Output all the data exactly. Pictures do not belong in the copy.

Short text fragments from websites
______

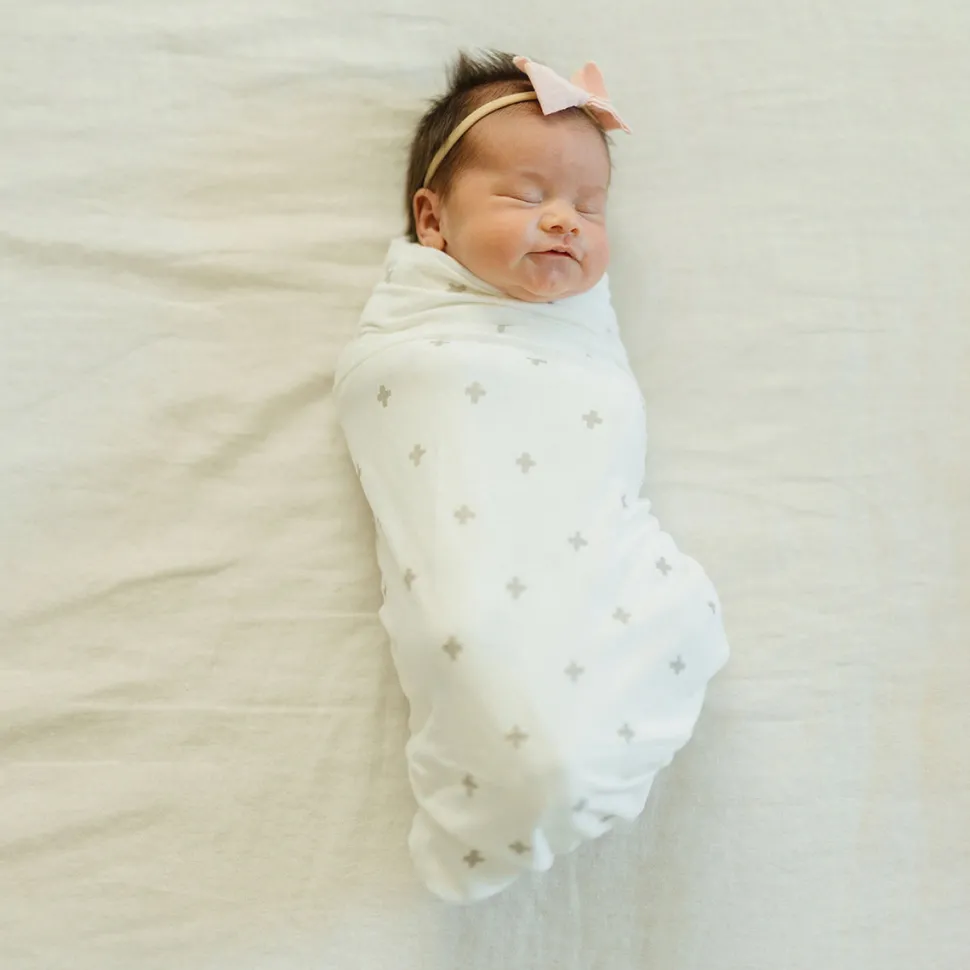 Little Unicorn Stretch Knit Swaddle Blanket - Grey Cross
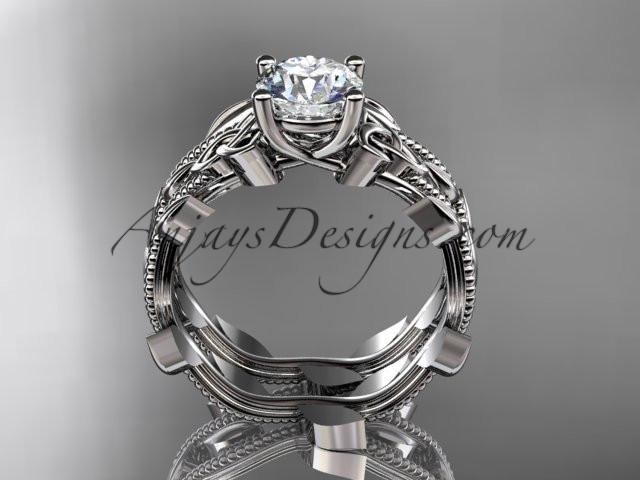platinum diamond celtic trinity knot wedding ring, engagement set with a "Forever One" Moissanite center stone CT7238S - AnjaysDesigns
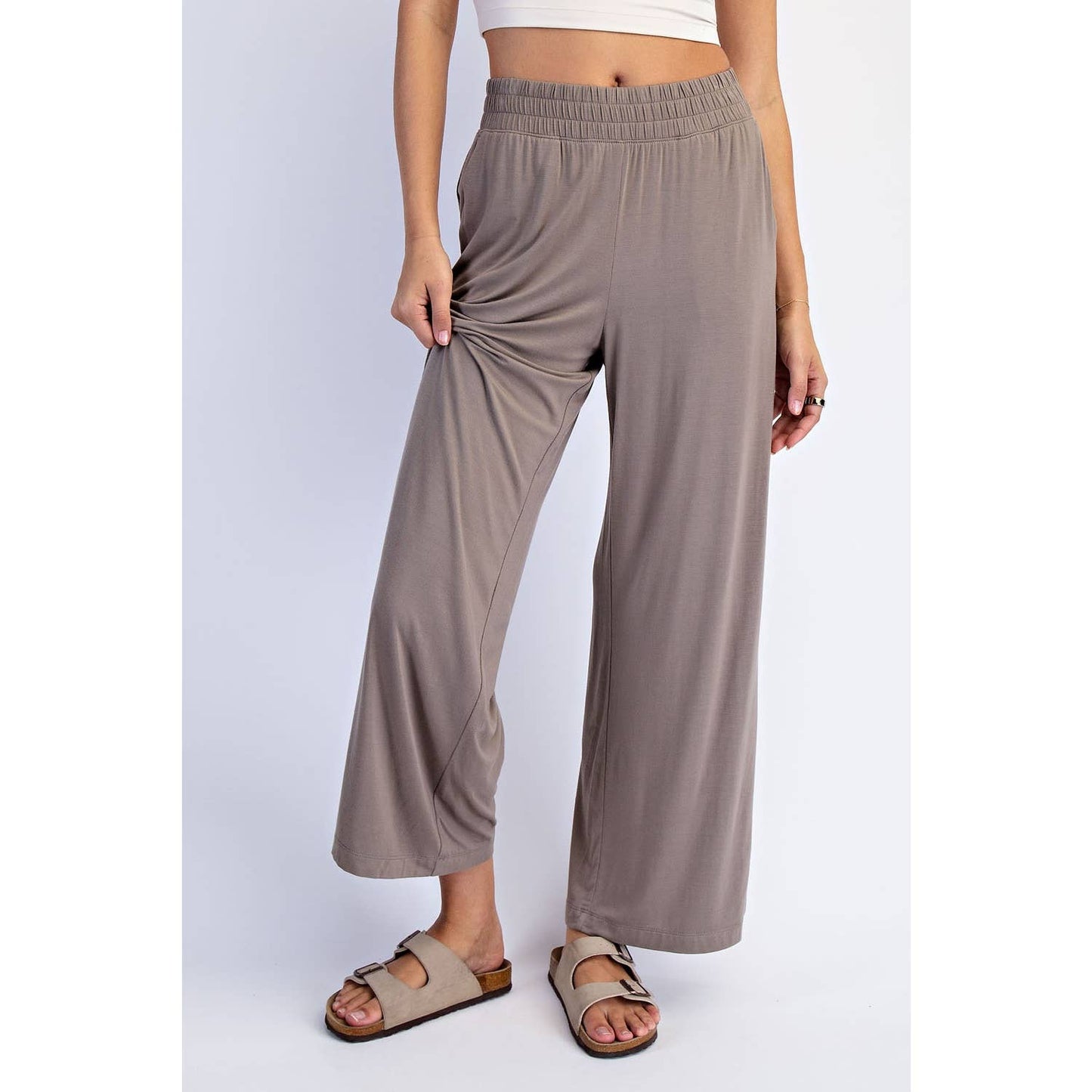 Lightweight Breathable Cropped Wide Leg Pants - Black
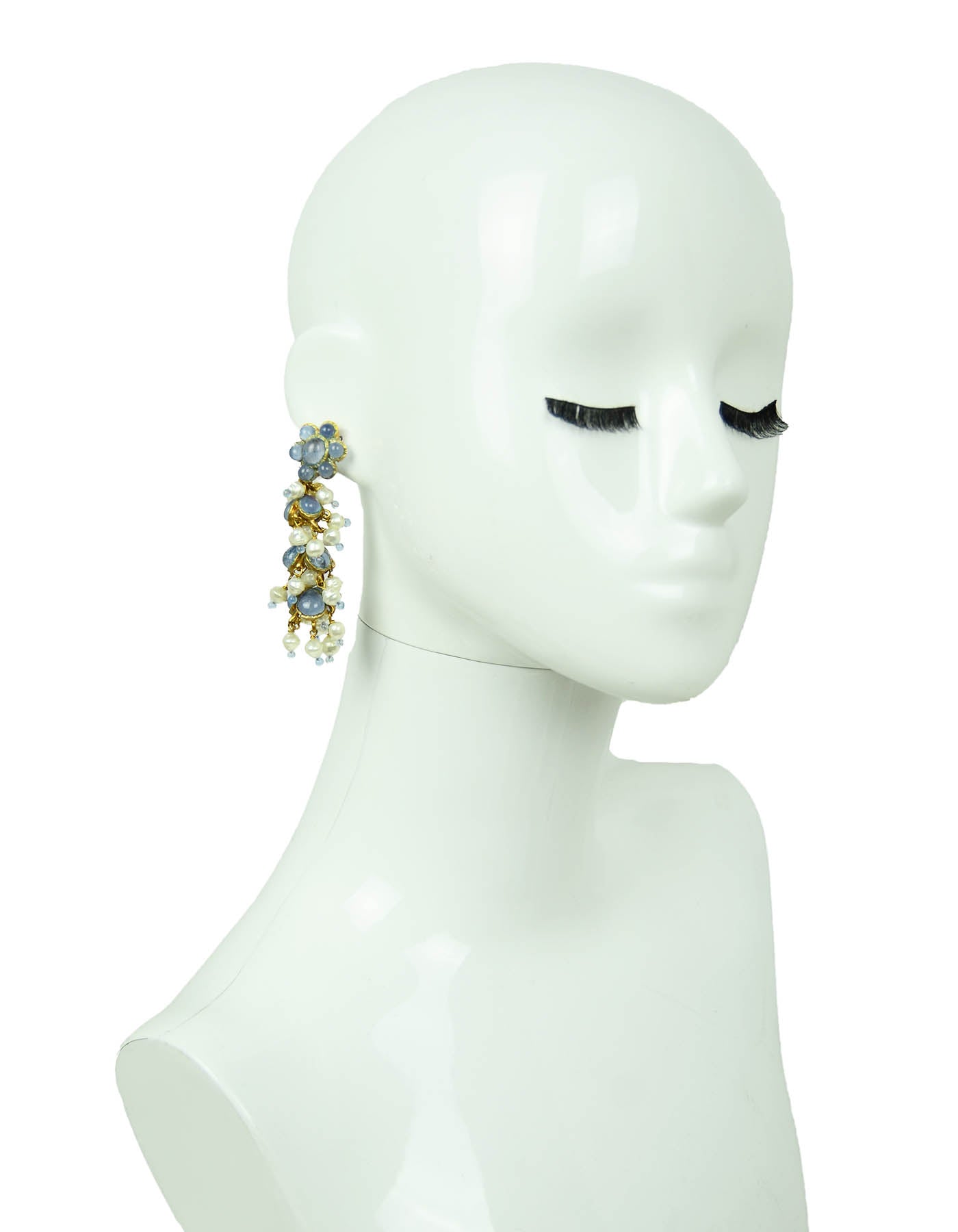Chanel '90s Vintage Blue Gripoix & Faux Pearl Statement Earrings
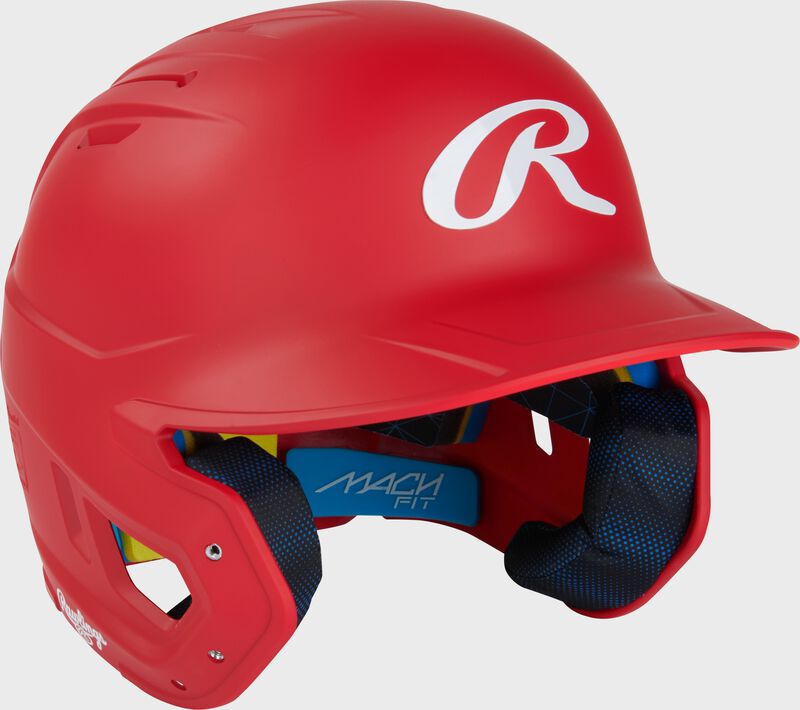 Rawlings Mach Fit Baseball Batting Helmet, Scarlet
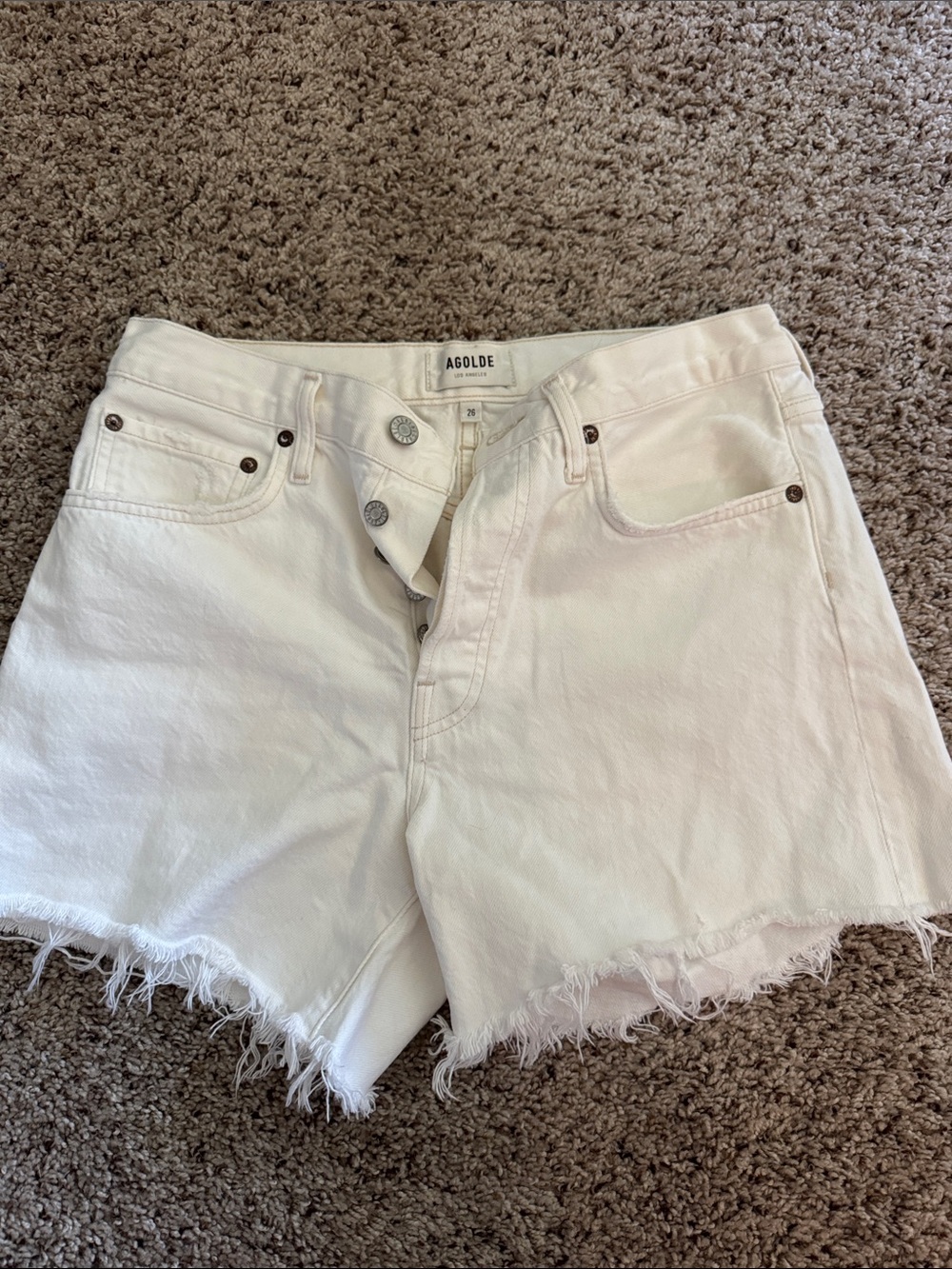 Agolde White Raw Hem Denim Shorts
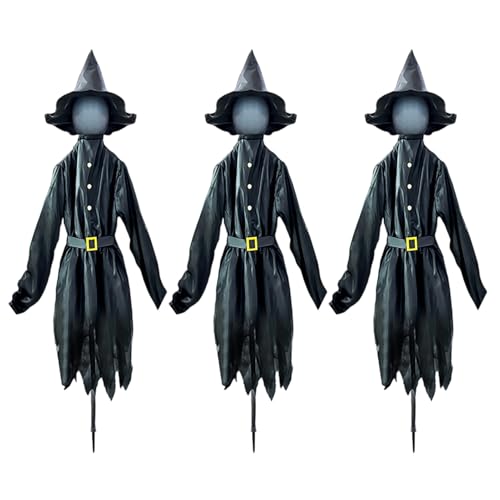 GTFYUDGH Gruselige Halloween-Dekoration - Beleuchtete Halloween Hexen Pflöcke für Vorgarten | Wasserdichtes 150 cm Grusel Deko Element mit Ständer für Außenbereich Herbstdekoration Wegbeleuchtung von GTFYUDGH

______

:: RESULT ::
 Little Unicorn Stretch Knit Swaddle Blanket - Grey Cross
platinum diamond celtic trinity knot wedding ring, engagement set with a "Forever One" Moissanite center stone CT7238S - AnjaysDesigns
 Lightweight Breathable Cropped Wide Leg Pants - Black
Chanel '90s Vintage Blue Gripoix & Faux Pearl Statement Earrings
 Rawlings Mach Fit Baseball Batting Helmet, Scarlet
 Agolde White Raw Hem Denim Shorts
 GTFYUDGH Gruselige Halloween-Dekoration - Beleuchtete Halloween Hexen Pflöcke für Vorgarten | Wasserdichtes 150 cm Grusel Deko Element mit Ständer für Außenbereich Herbstdekoration Wegbeleuchtung von GTFYUDGH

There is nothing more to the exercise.